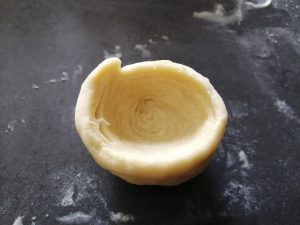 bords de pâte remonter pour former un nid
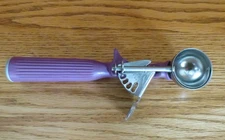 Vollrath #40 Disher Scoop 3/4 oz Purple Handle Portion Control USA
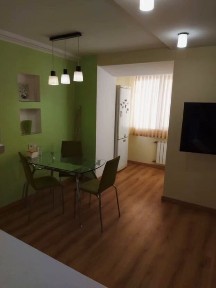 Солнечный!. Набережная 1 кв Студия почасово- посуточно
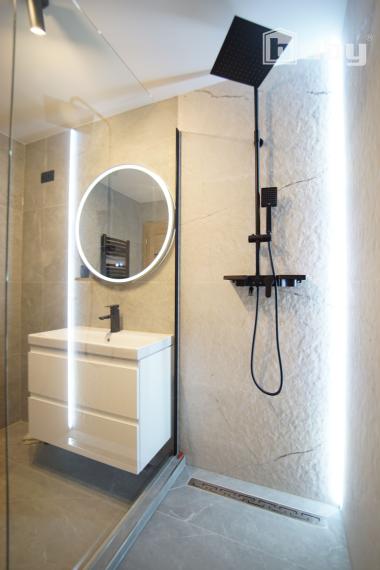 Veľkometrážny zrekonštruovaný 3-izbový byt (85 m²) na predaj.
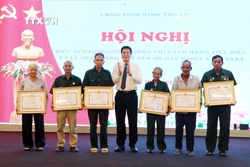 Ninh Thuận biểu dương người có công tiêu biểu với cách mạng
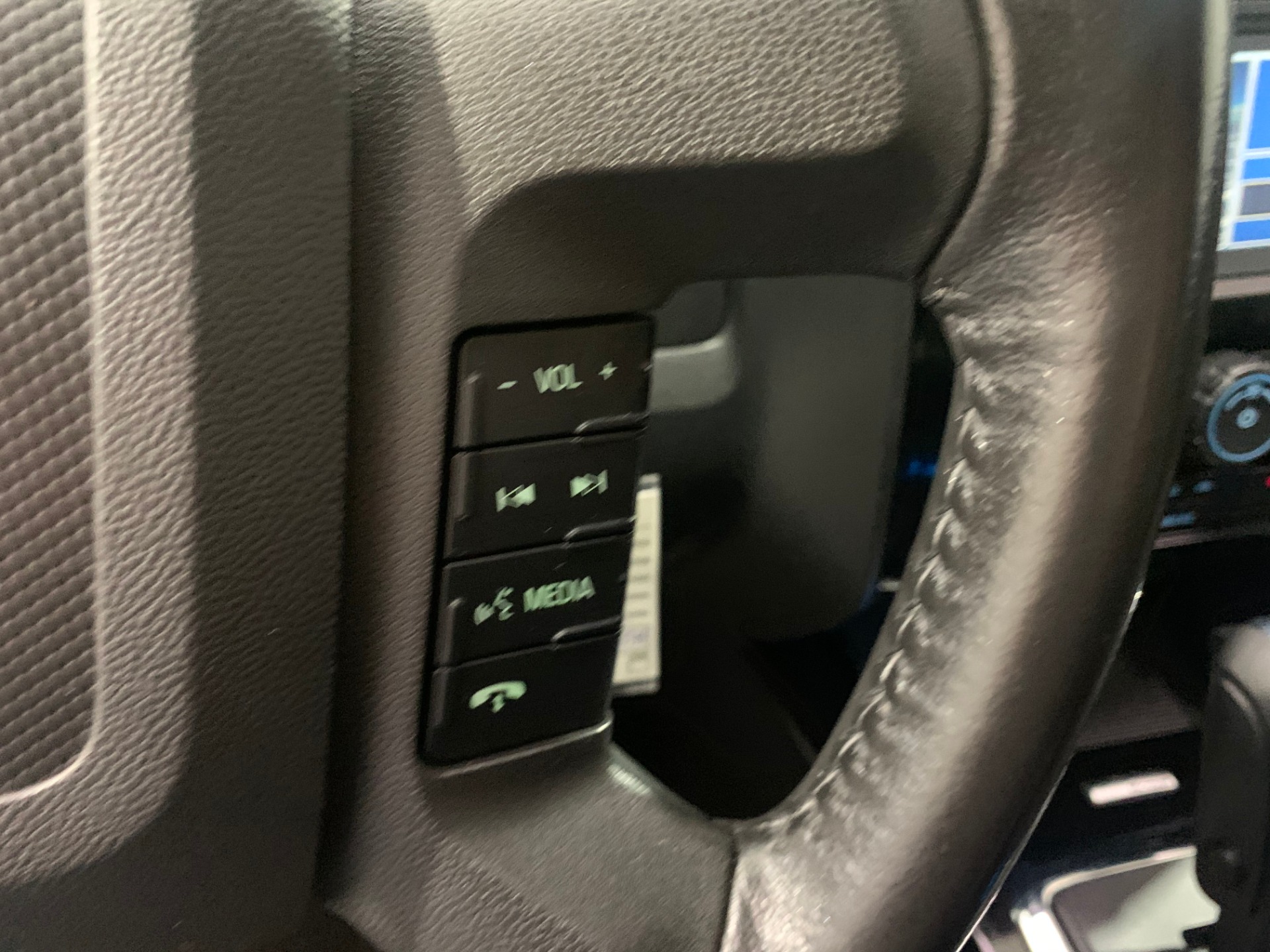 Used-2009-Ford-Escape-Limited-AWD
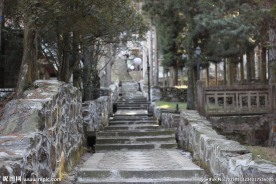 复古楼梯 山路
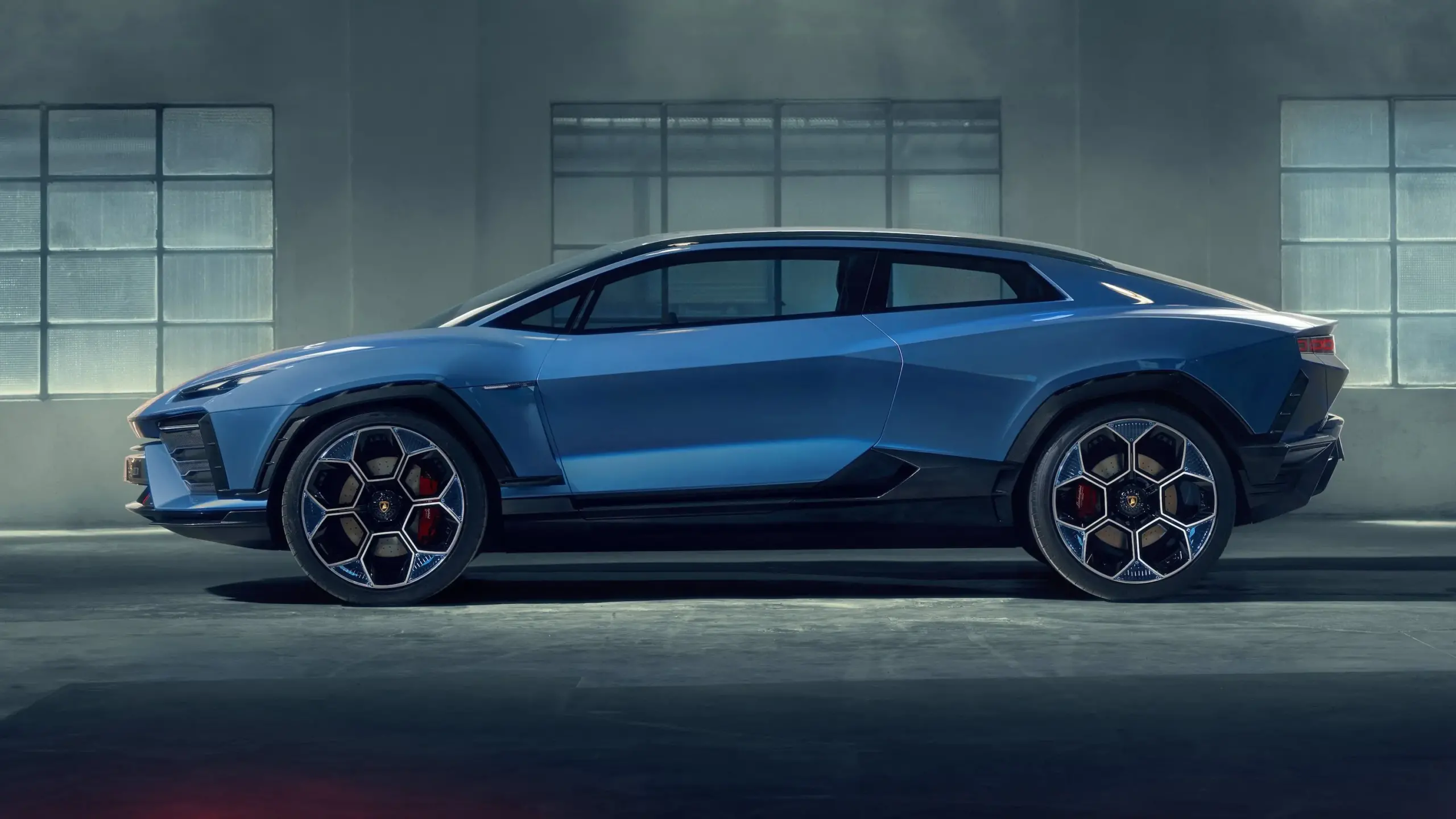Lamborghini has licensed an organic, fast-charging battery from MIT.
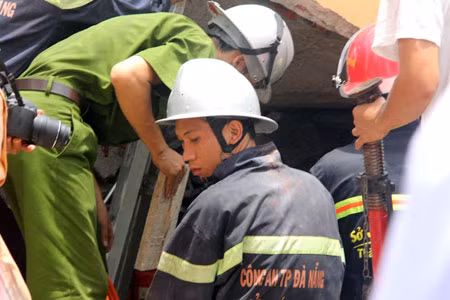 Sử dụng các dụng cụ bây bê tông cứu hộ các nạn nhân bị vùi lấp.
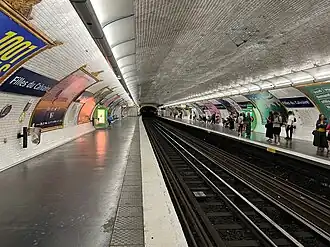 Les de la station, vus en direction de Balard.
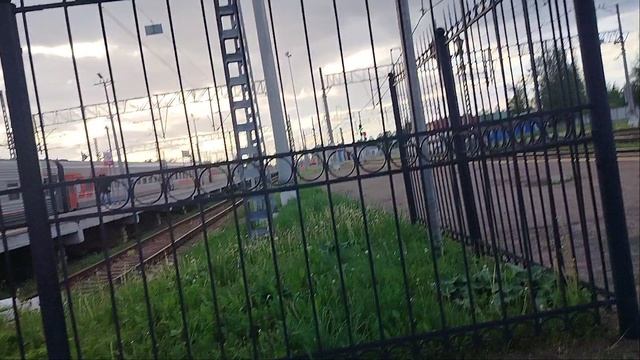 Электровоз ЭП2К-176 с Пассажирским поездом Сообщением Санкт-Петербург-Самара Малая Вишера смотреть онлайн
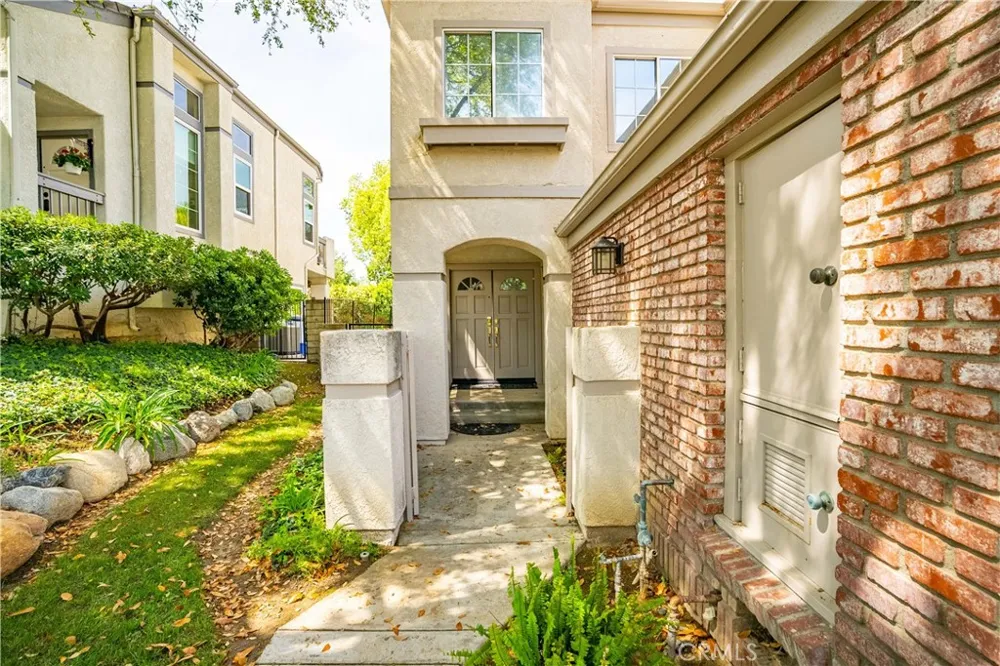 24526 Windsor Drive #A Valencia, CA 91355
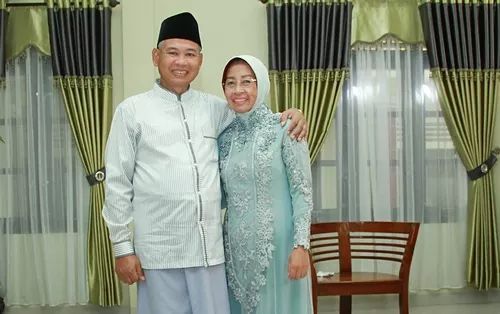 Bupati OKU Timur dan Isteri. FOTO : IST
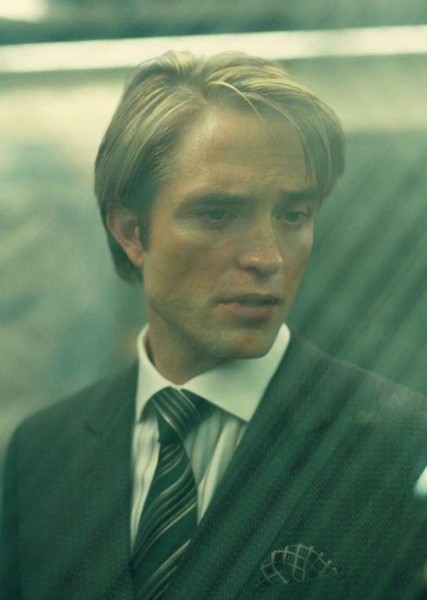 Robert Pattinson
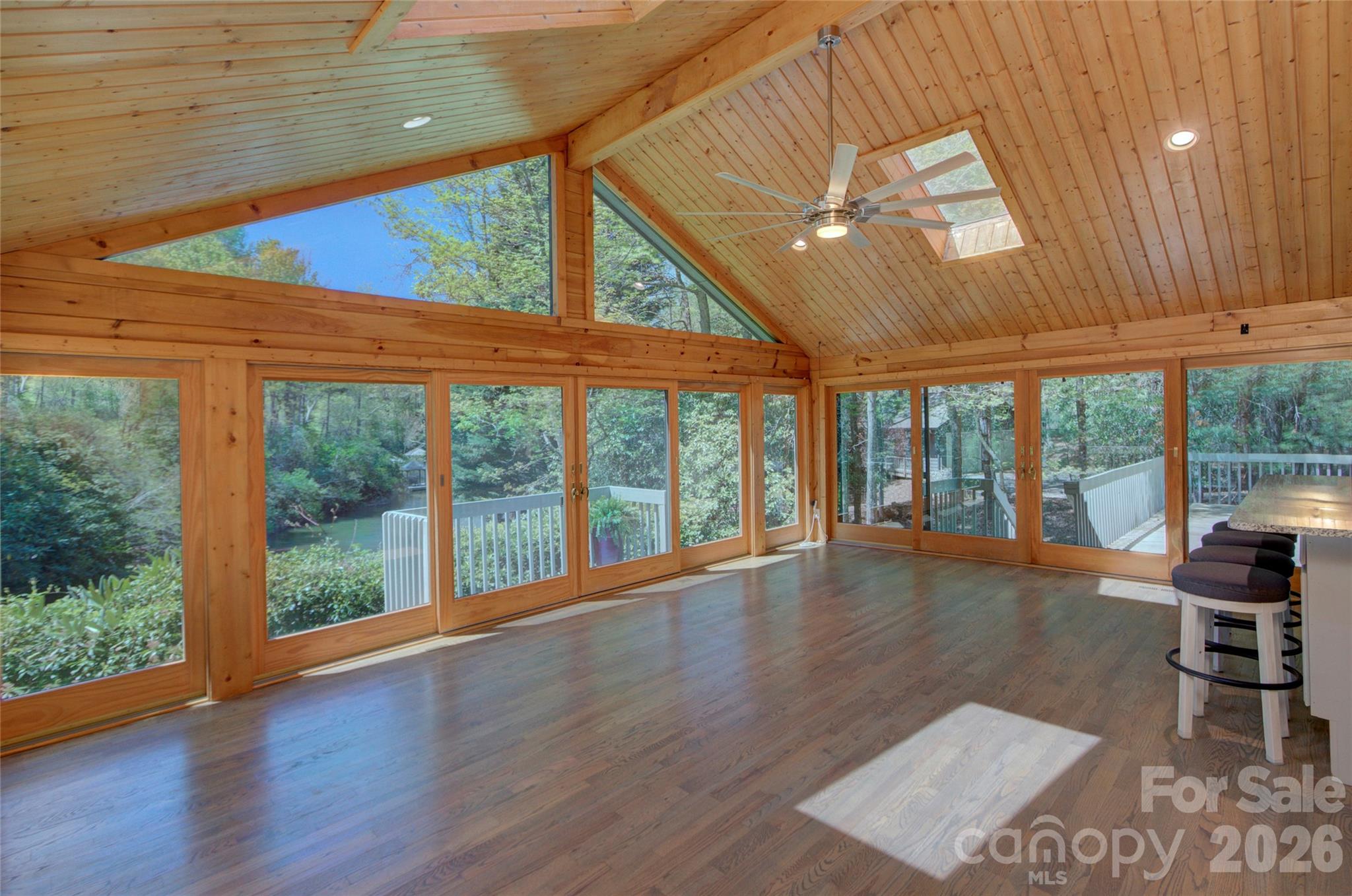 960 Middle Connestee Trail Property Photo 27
________________________
- Aim of the task
Pictures in the entries are to be skipped, and everything else repeated word for word.

- Output for this exercise
 bords de pâte remonter pour former un nid
 Vollrath #40 Disher Scoop 3/4 oz Purple Handle Portion Control USA
 Солнечный!. Набережная 1 кв Студия почасово- посуточно
 Veľkometrážny zrekonštruovaný 3-izbový byt (85 m²) na predaj.
 Ninh Thuận biểu dương người có công tiêu biểu với cách mạng
 Used-2009-Ford-Escape-Limited-AWD
 复古楼梯 山路
Lamborghini has licensed an organic, fast-charging battery from MIT.
 Sử dụng các dụng cụ bây bê tông cứu hộ các nạn nhân bị vùi lấp.
 Les de la station, vus en direction de Balard.
 Электровоз ЭП2К-176 с Пассажирским поездом Сообщением Санкт-Петербург-Самара Малая Вишера смотреть онлайн
 24526 Windsor Drive #A Valencia, CA 91355
 Bupati OKU Timur dan Isteri. FOTO : IST
 Robert Pattinson
 960 Middle Connestee Trail Property Photo 27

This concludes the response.